─── Data segment ───
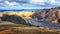 Landmannalaugar colorful mountains landscape view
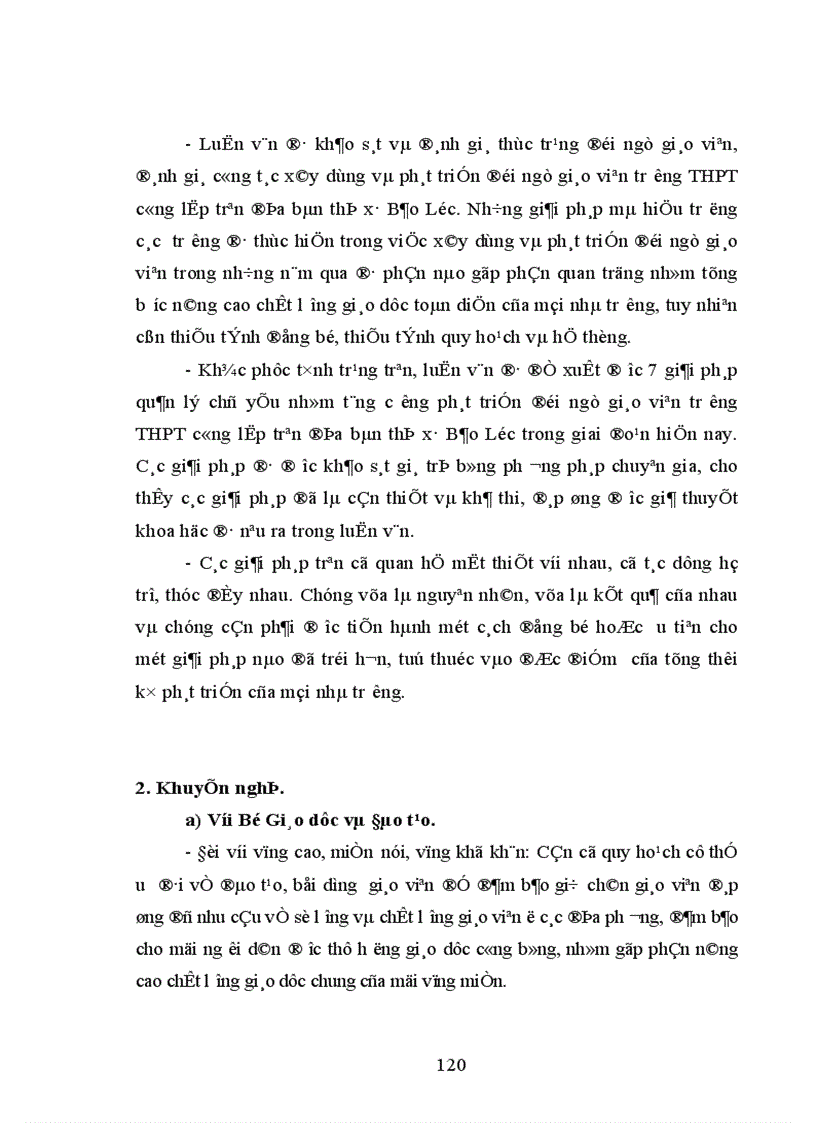 image for page Giải pháp tăng cường quản lý phát triển đội ngũ giáo viên trường trung học phổ thông thị xã Bảo Lộc tỉnh Lâm Đồng 1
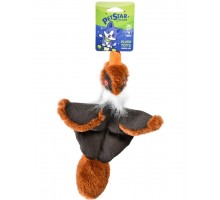 Игрушка для собак Птичка с пищалкой, плюш/текстиль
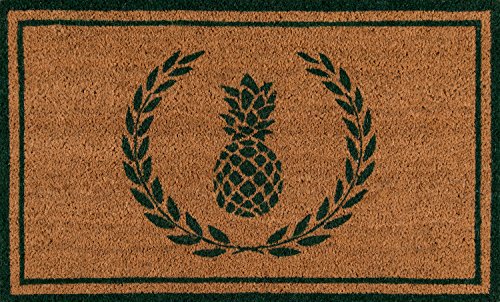 Erin Gates by Momeni Park Pineapple Green Hand Woven Natural Coir Doormat 1'6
───
Directions for this task — Only the pictures stay behind; everything else in the data above is to be retyped exactly.

Solution to this exercise —
 Landmannalaugar colorful mountains landscape view
 image for page Giải pháp tăng cường quản lý phát triển đội ngũ giáo viên trường trung học phổ thông thị xã Bảo Lộc tỉnh Lâm Đồng 1
 Игрушка для собак Птичка с пищалкой, плюш/текстиль
 Erin Gates by Momeni Park Pineapple Green Hand Woven Natural Coir Doormat 1'6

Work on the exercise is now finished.